Concerned about the COVID-19 vaccine mandate, Katherine joined a group that met with Lampton last November.

“He said that he does not support 248 because he doesn’t think the government has a right to determine what businesses can and cannot do. When asked what he would support, he mentioned a bill that he felt would pass, but he didn’t know which one and what it said.

“He has shown he won’t support any bill that would protect our medical freedom because he would rather protect freedom of businesses to force a vaccine that does not prevent transmission or infection, causes adverse reactions and even death, and has unknown long-term health implications as a condition of employment,” she added. “Any elected official who believes that does not have the best interests – health-wise and financially – of his constituents in mind and demonstrates a staggering lack of courage.”
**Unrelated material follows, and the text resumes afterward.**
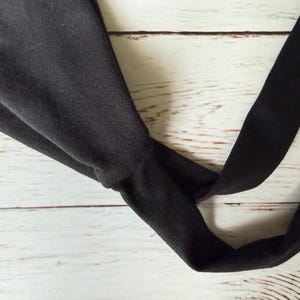 May include: A solid black fabric headband featuring a twisted knot detail at the center. The headband is constructed from a soft, matte material and consists of a wide band that tapers into a knotted section, creating a gathered appearance.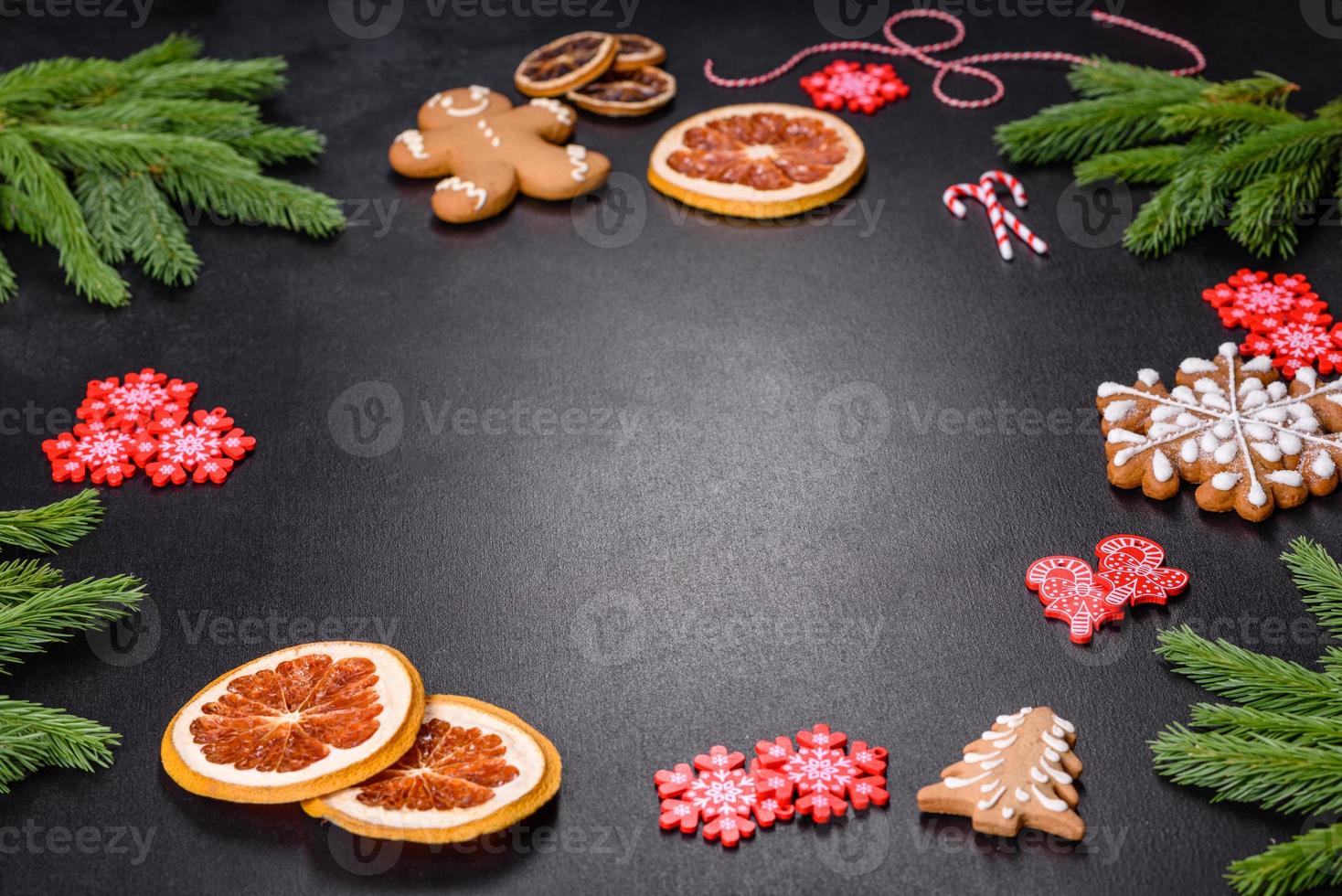 Festive Christmas table with appliances, gingerbreads, tree branches and dried citrus trees photo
A Bethel High School graduate, Katherine lives in Beavercreek with her husband and their granddaughter – 6-year-old Spencer Olivia. She experienced one of life’s greatest tragedies – the loss of a child – when her son, Drake, died of a fentanyl overdose in 2015 at the age of 21.

Drake was a welder who was talking to an Army recruiter about enlisting. There were no signs of drug use, Katherine said. An amount of fentanyl equal to three grains of salt reacted with an anti-depressant, which stopped his heart, she learned.

“When you are a parent and lose your child, it changes you in ways that are difficult to express in words alone,” Katherine said. “He was an only child. I felt that, when I lost him, I lost my purpose in life. My granddaughter helped me quickly re-discover my purpose.

“I’ve always been someone who is outspoken and is not afraid to stand up for what I believe,” she added. “Once you experience the worst thing imaginable, you lose all fear of anything else.”

Ohio continues to battle a drug overdose epidemic, and that is an issue that is a priority for Katherine. So is medical freedom, honoring the Second Amendment, and the America First constitutional conservative platform as a whole.

“The foundation of our wonderful country is being chipped away every day. It is time for us to stand up and fight against this,” Katherine said. “I am not a politician, I am a daughter, a mother, a wife, a grandmother, and a patriot who loves her country. I am done watching the people we elect to represent us forget that they are our voice, not our rulers.

“If I am fortunate enough to be elected, I will be the voice of every citizen who is watching their freedoms being stolen from them every day,” she added. “I will be the voice of every terrified parent who worries for the country we are leaving for our children. I will be active, available, and accountable to the citizens in my district.”